▶ [What needs to be done] Without any of its pictures, the listing below should be output exactly.

▶ [Data provided]
+ + +

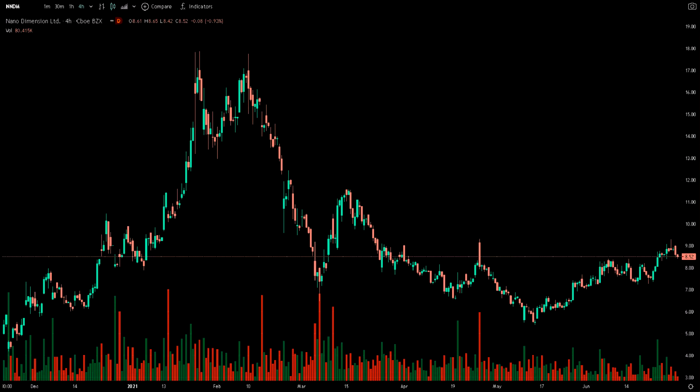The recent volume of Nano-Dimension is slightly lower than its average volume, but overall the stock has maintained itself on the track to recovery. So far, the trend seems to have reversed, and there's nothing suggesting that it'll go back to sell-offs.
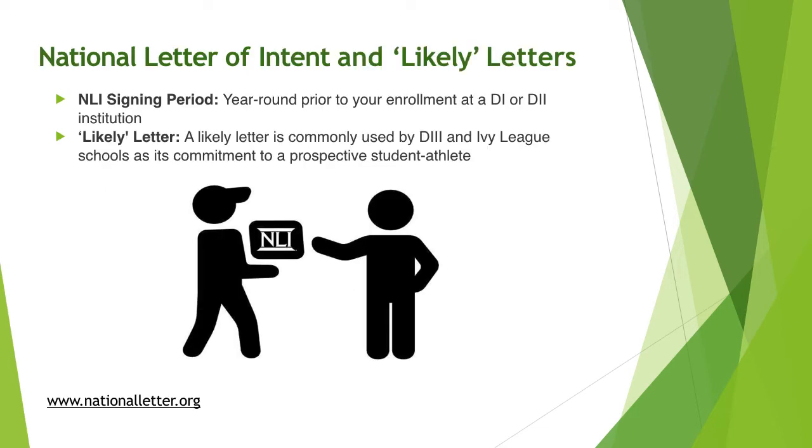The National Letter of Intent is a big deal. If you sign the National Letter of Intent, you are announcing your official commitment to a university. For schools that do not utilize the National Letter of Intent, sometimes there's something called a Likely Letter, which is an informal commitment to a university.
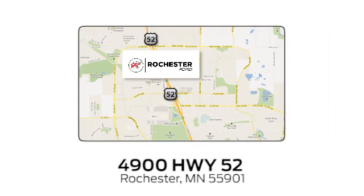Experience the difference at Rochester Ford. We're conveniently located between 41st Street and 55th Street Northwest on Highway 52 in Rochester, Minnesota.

+ + +

▶ [Task output]
The recent volume of Nano-Dimension is slightly lower than its average volume, but overall the stock has maintained itself on the track to recovery. So far, the trend seems to have reversed, and there's nothing suggesting that it'll go back to sell-offs.
The National Letter of Intent is a big deal. If you sign the National Letter of Intent, you are announcing your official commitment to a university. For schools that do not utilize the National Letter of Intent, sometimes there's something called a Likely Letter, which is an informal commitment to a university.
Experience the difference at Rochester Ford. We're conveniently located between 41st Street and 55th Street Northwest on Highway 52 in Rochester, Minnesota.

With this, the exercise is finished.